**Problem requirements**: Write back every entry exactly as it reads, with the pictures left behind.

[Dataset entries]
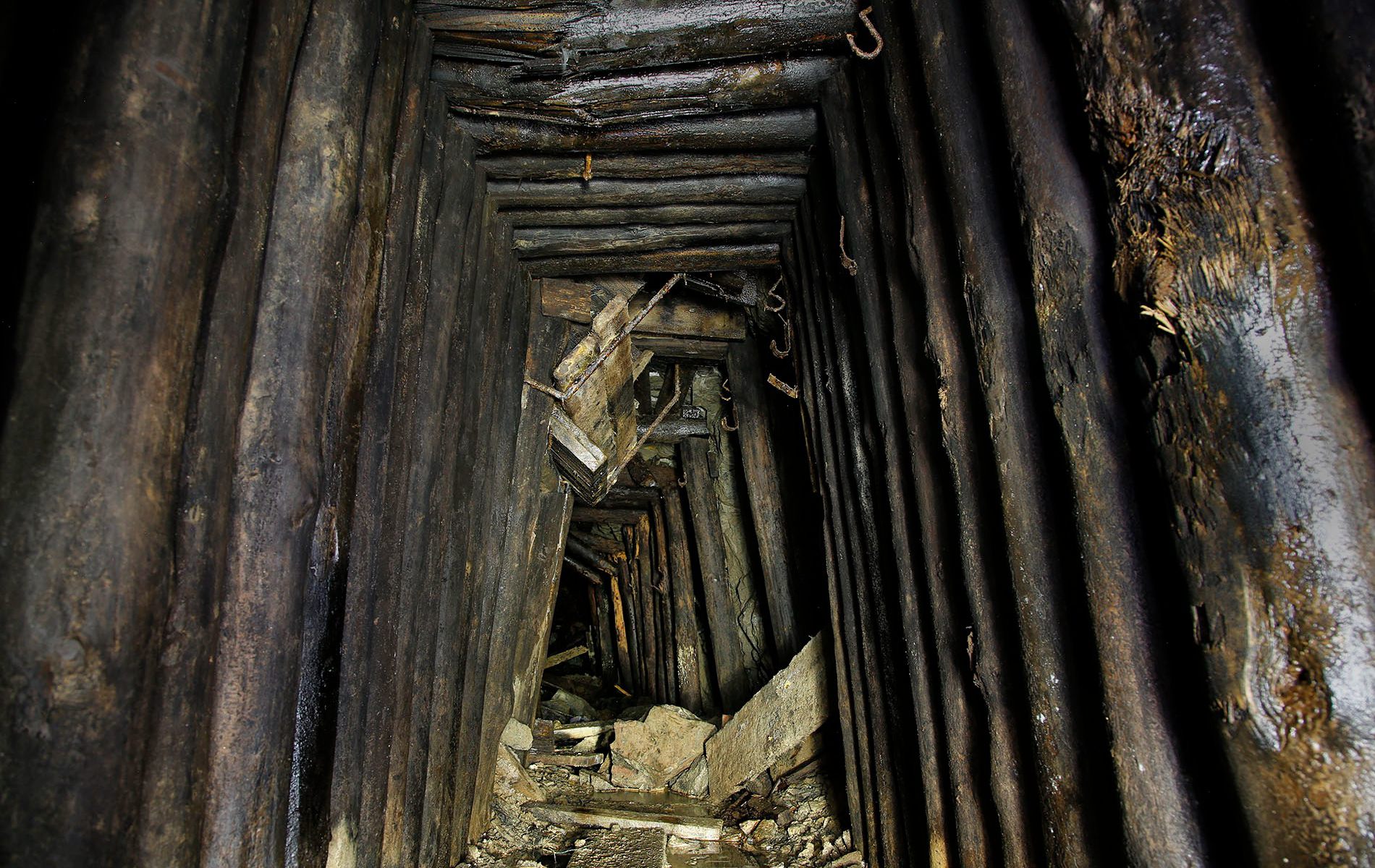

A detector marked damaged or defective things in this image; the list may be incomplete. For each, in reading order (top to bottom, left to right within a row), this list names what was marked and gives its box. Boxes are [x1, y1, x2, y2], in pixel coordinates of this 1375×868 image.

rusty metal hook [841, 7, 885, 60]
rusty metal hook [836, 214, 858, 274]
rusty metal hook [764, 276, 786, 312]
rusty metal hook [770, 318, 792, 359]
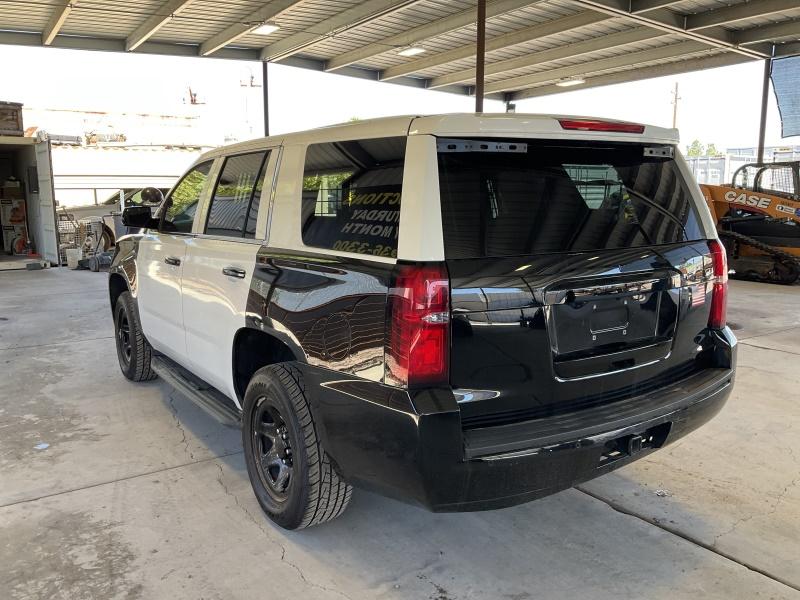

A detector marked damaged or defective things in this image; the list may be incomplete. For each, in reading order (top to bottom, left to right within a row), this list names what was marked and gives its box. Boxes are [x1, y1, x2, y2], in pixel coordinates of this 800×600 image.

**Solution for this problem**:
A detector marked damaged or defective things in this image; the list may be incomplete. For each, in reading order (top to bottom, left to right within a row), this list names what was marked and gives its box. Boxes are [x1, y1, x2, y2], in pixel coordinates of this 1375×868 image.

rusty metal hook [841, 7, 885, 60]
rusty metal hook [836, 214, 858, 274]
rusty metal hook [764, 276, 786, 312]
rusty metal hook [770, 318, 792, 359]

A detector marked damaged or defective things in this image; the list may be incomplete. For each, in reading order (top to bottom, left to right within a row), this list names what was marked and gives its box. Boxes are [x1, y1, x2, y2], in pixel coordinates of this 800×600 image.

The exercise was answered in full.